1. A flexible-shaft surgical instrument, comprising:
at least one rigid tube portion;
at least one semi-rigid tube portion connected to the at least one rigid tube portion, the semi-rigid tube portion comprising a plurality of wound elements, each of the wound elements are interleaved together about a central axis such that any adjacent portions of each of the plurality of wound elements experience a degree of friction between them, the at least one semi-rigid tube portion being configured to be bent to a predetermined angle and returned to a pre-bent orientation repeatably and without plastic deformation; and
at least one surgical device,
wherein an internal diameter of the at least one rigid tube portion and the at least one semi-rigid tube portion accommodates the at least one surgical device, and access for the at least one surgical device to a target site in a patient's body is provided through the surgical instrument via at least one opening in or adjacent to a distal end of the surgical instrument.
2. The surgical instrument of claim 1, wherein, in an axial cross-section through the central axis, the plurality of wound elements have different cross-sectional shapes.
3. The surgical instrument of claim 1, wherein the at least one semi-rigid tube portion is connected to a distal end of the at least one rigid tube portion.
4. The surgical instrument of claim 1, wherein the semi-rigid tube portion is of a length long enough such that the at least one semi-rigid portion may be bent between an angle of 0° and 275°.

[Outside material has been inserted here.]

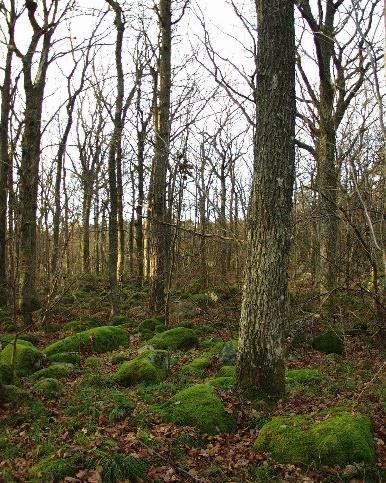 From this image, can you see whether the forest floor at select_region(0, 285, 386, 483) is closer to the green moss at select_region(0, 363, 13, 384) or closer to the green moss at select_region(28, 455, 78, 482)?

5. The surgical instrument of claim 1, wherein the semi-rigid tube portion is of a substantially equal diameter across its length.
6. The surgical instrument of claim 1, wherein the semi-rigid tube portion varies in diameter across its length.
7. The surgical instrument of claim 1, wherein the at least one rigid tube portion comprises at least two rigid tube portions.
8. The surgical instrument of claim 1, wherein the at least one semi-rigid tube portion comprises at least two semi-rigid tube portions,
wherein first and second of the at least two semi-rigid tube portions are configured to be orientated in the same or varying planes.
9. The surgical instrument of claim 1, wherein, in an axial cross-section through the central axis, a cross-section of at least one wound element of the semi-rigid tube portion is circular.
10. The surgical instrument of claim 1, wherein, in an axial cross-section through the central axis, a cross-section of at least one wound element of the semi-rigid tube portion is triangular.
11. The surgical instrument of claim 1, further comprising a protective sheath covering at least the at least one semi-rigid portion.
12. The surgical instrument of claim 1, wherein a material for the semi-rigid tube portion provides a friction between the plurality of wound elements of the wound portion so that the semi-rigid portion holds a predetermined bend orientation.
13. The surgical instrument of claim 1, wherein the semi-rigid tube portion comprises a material that is non-conductive.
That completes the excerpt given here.